Thursday, January 7, 2010

Chinese Companies Refuse to Pay for Derivative Deals Gone Sour

The Financial Times is reporting that Chinese companies are putting up a determined fight and refusing to pay for derivative deals gone sours - deals which they claim, they were coerced into due to aggressive selling by foreign banks such as Morgan Stanley. One such company China Haisheng Juice Holdings, recently entered into an out-of-court settlement with Morgan Stanley. According to the Financial Times:
The two companies have agreed to end legal proceedings over renminbi-dollar hedges which they had been fighting in courts in the UK and China since last April. Under the settlement, Haisheng will pay Morgan Stanley $7m, far less than the $26m the investment bank had been fighting for in London’s High Court after the Chinese company ceased payments on the hedges.
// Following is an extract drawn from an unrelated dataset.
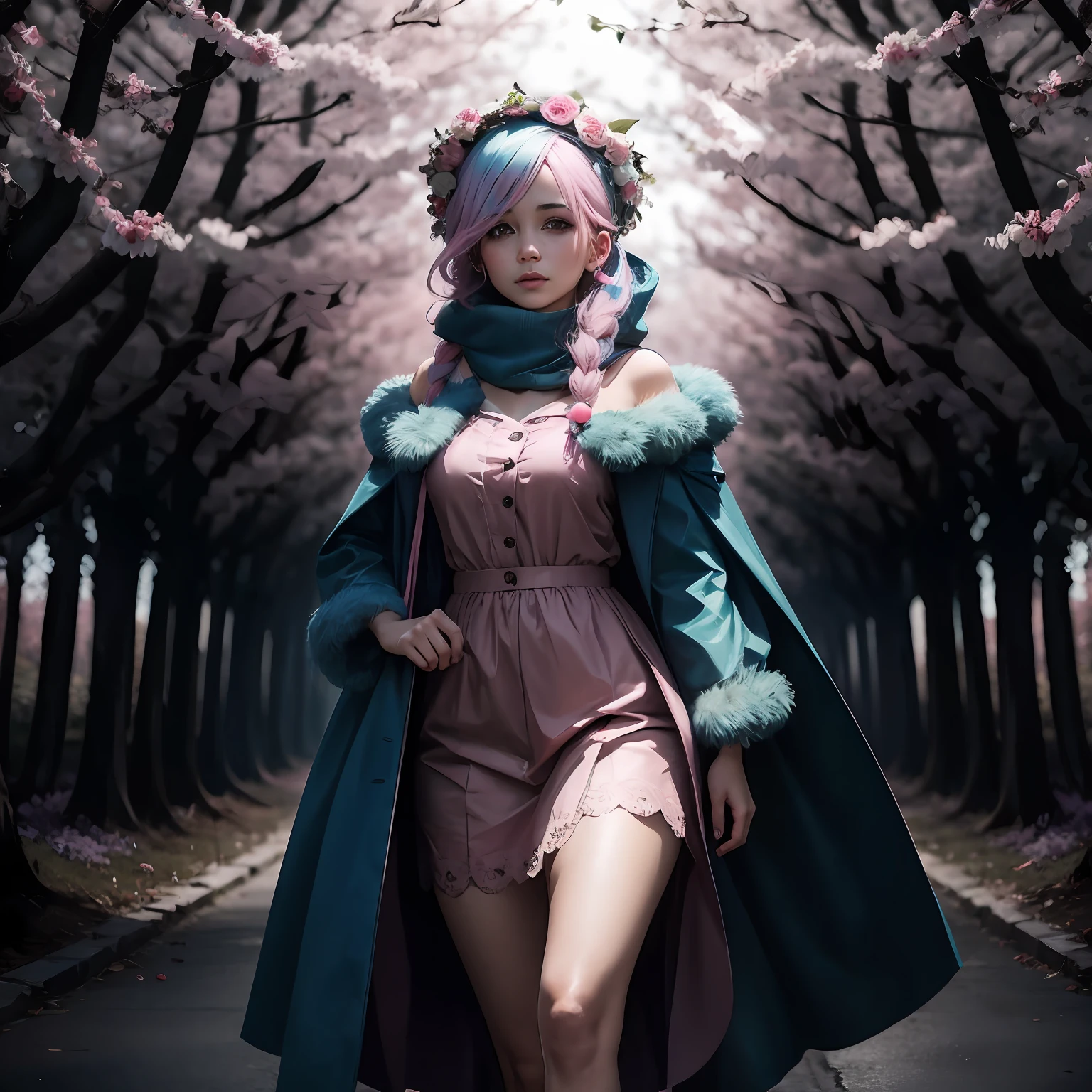 Create a wallpaper of a woman with light blue and pink hair with a wreath on her head walking in a cherry forest --auto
Folks will recall that back home in the U.S., the smae story played out much differently: Tim Geithner was so 'shaking in his boots' scared of the big U.S. banks, that he did even attempt to negotiate over the AIG derivatives payments. He paid out the banks in full. But our banking cowboy amigos are not so slick in Chinatown. Quite the contrary. In China it is the foreign banks such as Morgan Stanley that are seriously afraid of the Chinese government. The Financial Times article points this out:
The scale of the losses in the wake of the financial crisis triggered a clampdown on derivatives by regulators in Beijing and criticism of the practices of foreign banks. A legal battle in China would have subjected Morgan Stanley to financial and political risks, lawyers said, making the settlement the most attractive option. Global banks are reluctant to fight cases in China, where judges are appointed by local communist leaders who often control large companies in their areas.
In other words Morgan Stanley chickened out over the threat of the Chinese government kicking them out of the China market. So how come our government does not wield a similarly heavy stick? Why do we keep offering these banks only carrots?
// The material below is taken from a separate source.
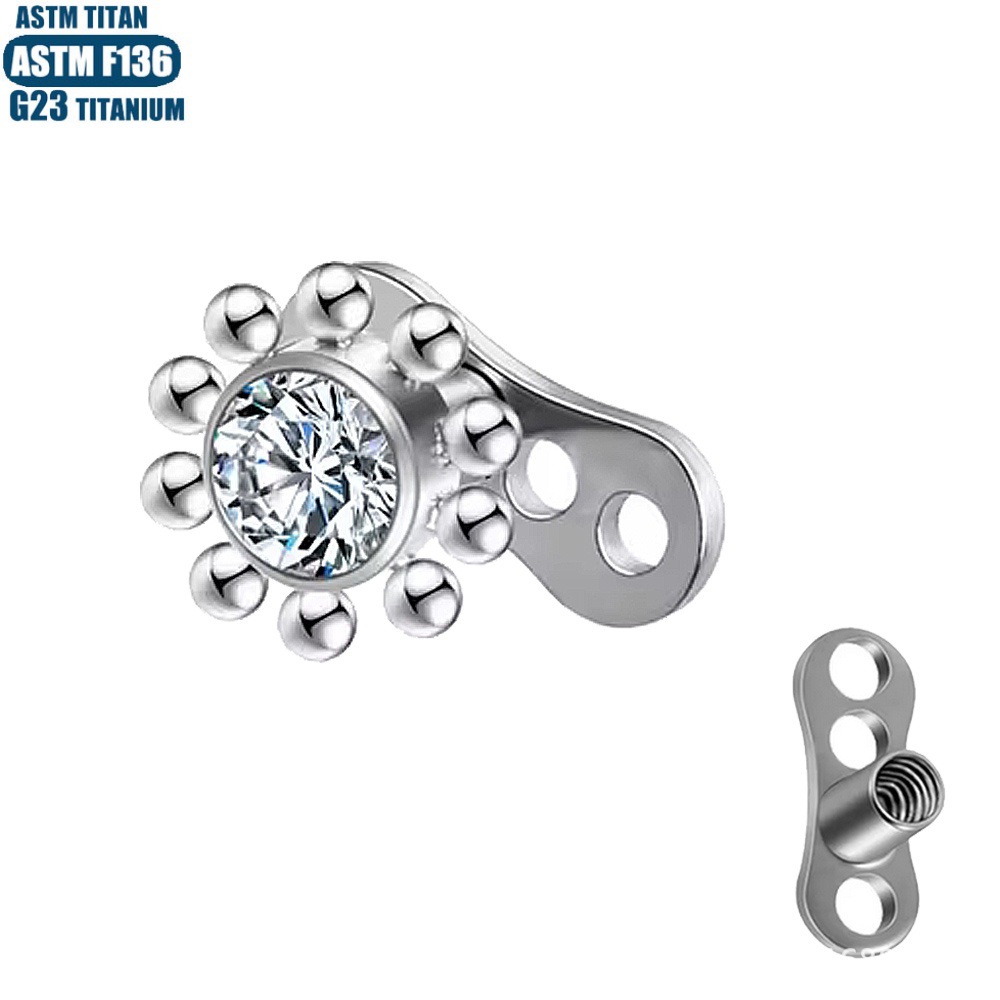Pointed labret stud close-up product detail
Post the  Haisheng case where Morgan Stanley was forced to settle for a pittance, the door has now been flung wide open for every other Chinese company that was conned into derivative deals to dissent and refuse payments.
But wait the story does not end gets even more juicy.
The leading foreign investor in Haisheng is Goldman Sachs, Morgan Stanley’s competitor. Goldman’s private equity arm holds 20 per cent of Haisheng’s Hong Kong-listed shares. Goldman Sachs is itself involved in a dispute over derivatives with a Chinese company. Shenzhen Nanshan Power last week refused demands by J. Aron, a trading subsidiary of Goldman Sachs, to pay $80m for alleged default on oil-hedging contracts.
Finally someone has the guts to stand up to the mightly Goldman Sachs. Bravo.